6 Apr 2006
A presidential decree by Lansana Conte appointing a new government led by Prime Minister Cellou Diallo was annulled by another presidential decree sacking the same government the following day. It was reported that close aides to Conte and elements within the army exerted pressure on the ailing president to reverse his April 4th decision.
The West African state of Guinea (pop 9.4 million) is a former French colony that attained independence in 1958 under the leadership of Sekou Toure. Upon Toure’s death in 1984, Lansana (then army colonel) staged a bloodless coup against the interim government that succeeded him.
Conte suspended the constitution, freed political prisoners and attempted to reform the political landscape. A new constitution was adopted in 1990 paving the way for Lansana Conte to transform himself from a military to a civilian leader through elections.

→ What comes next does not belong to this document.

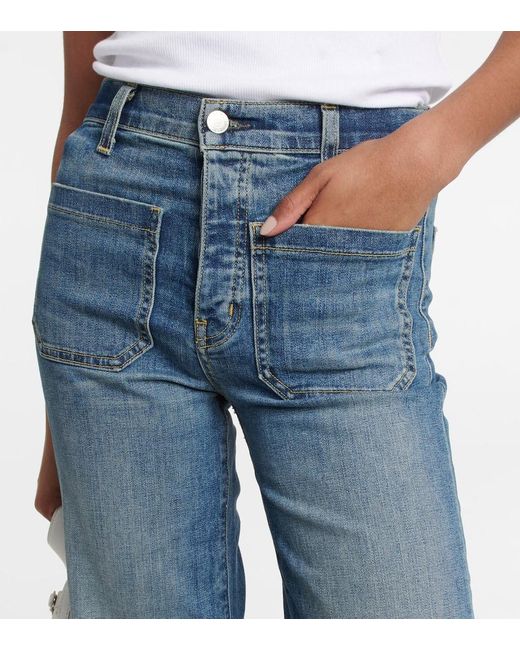 Nili Lotan Blue Florence High-Rise Flared Jeans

After manipulating the removal of a two-term limit in the constitution, Conte won a third term in 2003 in an election which was boycotted by the opposition.

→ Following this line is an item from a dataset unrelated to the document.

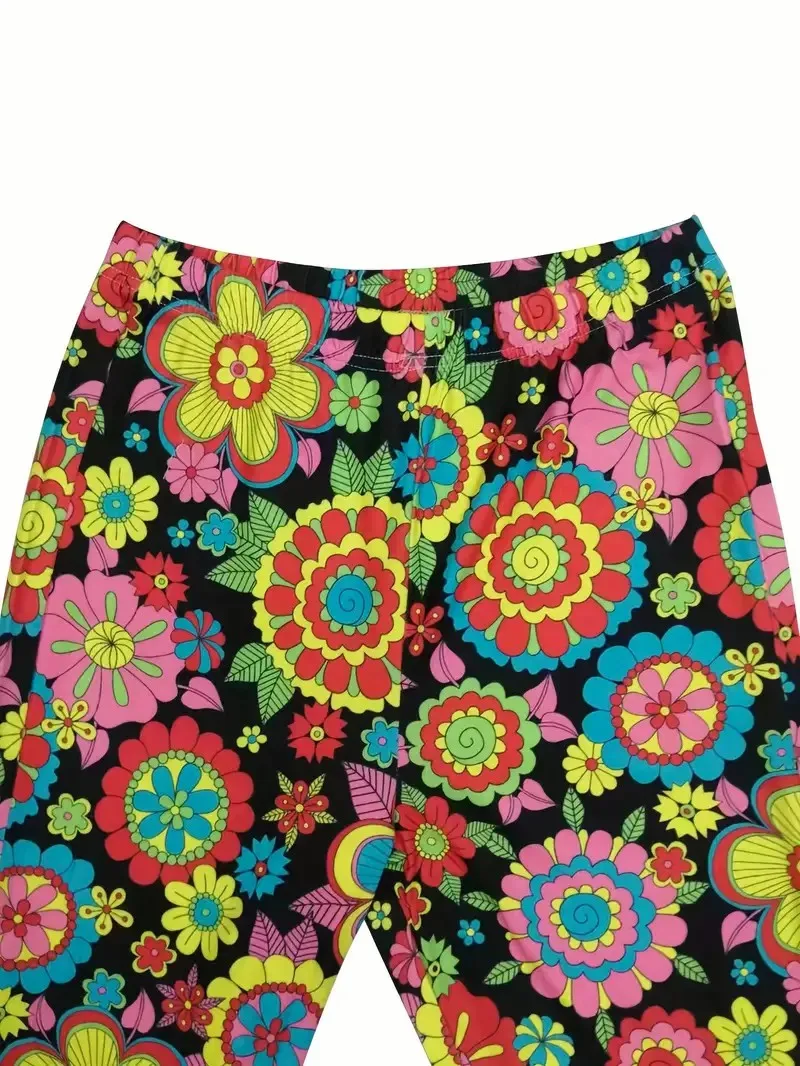 Pantalones acampanados estampados de estilo bohemio para mujer, pantalones cómodos sexys informales elásticos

Conte has survived many coup bids and at least one military mutiny. The most recent high profile attempt occurred in January 2005 when shots were fired at his convoy. The president’s state of health has been the major source of concern during the last few years. There is no clear successor to the ailing septuagenarian president and the current crisis has brought to light the ethnic rivalry between the president’s men and those of the sacked prime minister. This scenario is dangerous especially in a volatile region that has known instability in countries like Liberia, Sierra Leone and Cote d’Ivoire.
Guinea is rich in mineral wealth but her people are among the poorest in West Africa. A fluid transition arrangement may only serve as a catalyst to start another armed conflict in this small country.